Hunching up his shoulders and stretching his fingers wide apart,
Korostelev played some chords and began singing in a tenor
voice, "Show me the abode where the Russian peasant would not
groan," while Dymov sighed once more, propped his head on his
fist, and sank into thought.
Olga Ivanovna had been extremely imprudent in her conduct of
late. Every morning she woke up in a very bad humour and with
the thought that she no longer cared for Ryabovsky, and that,
thank God, it was all over now. But as she drank her coffee she
reflected that Ryabovsky had robbed her of her husband, and that
now she was left with neither her husband nor Ryabovsky; then
she remembered talks she had heard among her acquaintances of a
picture Ryabovsky was preparing for the exhibition, something
striking, a mixture of genre and landscape, in the style of
Polyenov, about which every one who had been into his studio
went into raptures; and this, of course, she mused, he had
created under her influence, and altogether, thanks to her
influence, he had greatly changed for the better. Her influence
was so beneficent and essential that if she were to leave him he
might perhaps go to ruin.

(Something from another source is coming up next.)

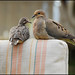 Steven Mcdougall Photo 23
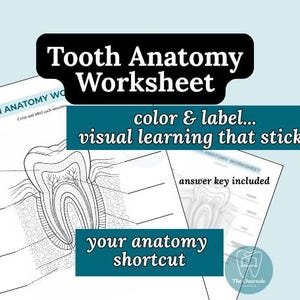 May include: A dental anatomy worksheet with a detailed illustration of a tooth's cross-section. The worksheet includes the text "Tooth Anatomy Worksheet", "color & label... visual learning that sticks", and "your anatomy shortcut". An answer key is included.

And she remembered, too, that the last
time he had come to see her in a great-coat with flecks on it
and a new tie, he had asked her languidly:
"Am I beautiful?"
And with his elegance, his long curls, and his blue eyes, he
really was very beautiful (or perhaps it only seemed so), and he
had been affectionate to her.
Considering and remembering many things Olga Ivanovna dressed
and in great agitation drove to Ryabovsky's studio. She found
him in high spirits, and enchanted with his really magnificent
picture. He was dancing about and playing the fool and answering
serious questions with jokes. Olga Ivanovna was jealous of the
picture and hated it, but from politeness she stood before the
picture for five minutes in silence, and, heaving a sigh, as
though before a holy shrine, said softly:
"Yes, you have never painted anything like it before. Do you
know, it is positively awe-inspiring?"
And then she began beseeching him to love her and not to cast
her off, to have pity on her in her misery and her wretchedness.
She shed tears, kissed his hands, insisted on his swearing that
he loved her, told him that without her good influence he would
go astray and be ruined. And, when she had spoilt his good-humour,
feeling herself humiliated, she would drive off to her
dressmaker or to an actress of her acquaintance to try and get
theatre tickets.
If she did not find him at his studio she left a letter in which
she swore that if he did not come to see her that day she would
poison herself. He was scared, came to see her, and stayed to
dinner. Regardless of her husband's presence, he would say rude
things to her, and she would answer him in the same way. Both
felt they were a burden to each other, that they were tyrants
and enemies, and were wrathful, and in their wrath did not
notice that their behaviour was unseemly, and that even
Korostelev, with his close-cropped head, saw it all. After
dinner Ryabovsky made haste to say good-bye and get away.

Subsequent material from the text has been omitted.